*** Begin section ***
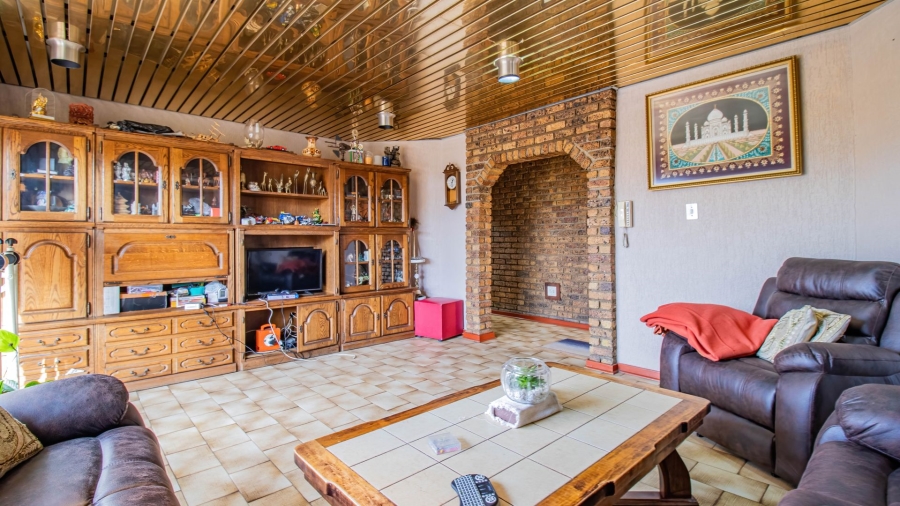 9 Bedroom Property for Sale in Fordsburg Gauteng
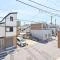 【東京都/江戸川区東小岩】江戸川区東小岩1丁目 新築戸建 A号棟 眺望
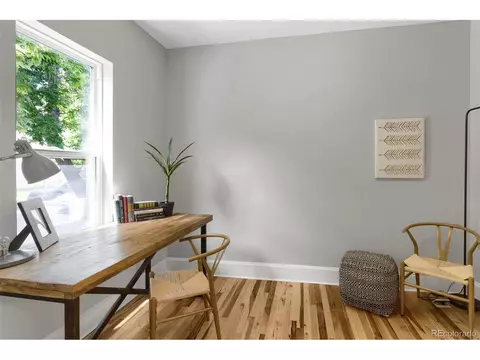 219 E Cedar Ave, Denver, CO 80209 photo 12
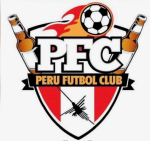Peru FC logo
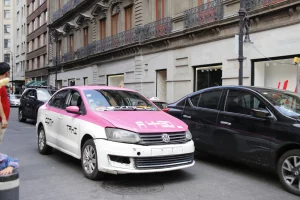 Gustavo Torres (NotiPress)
*** End section ***
*** Begin section ***
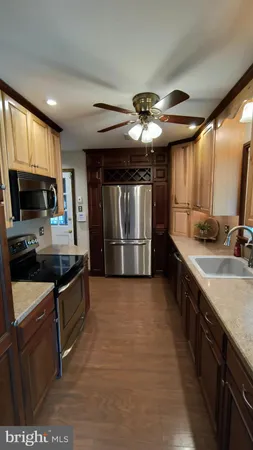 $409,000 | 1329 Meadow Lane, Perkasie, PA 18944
*** End section ***
*** Begin section ***
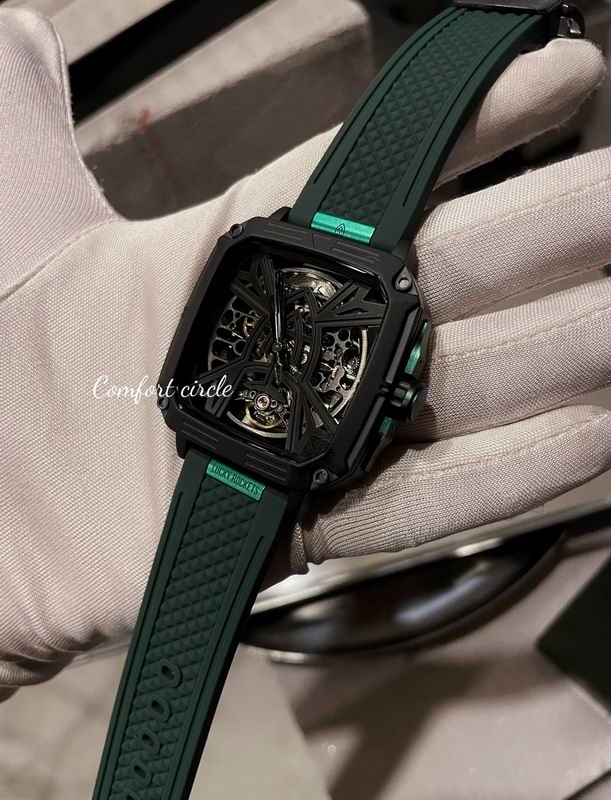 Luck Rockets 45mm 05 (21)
*** End section ***
__Your instructions__
Look above for the line containing "219 E Cedar Ave, Denver, CO 80209 photo 12", then copy exactly from it through the line containing "Gustavo Torres (NotiPress)", keeping both and leaving out pictures. Add nothing else.

__Solved exercise__
 219 E Cedar Ave, Denver, CO 80209 photo 12
Peru FC logo
 Gustavo Torres (NotiPress)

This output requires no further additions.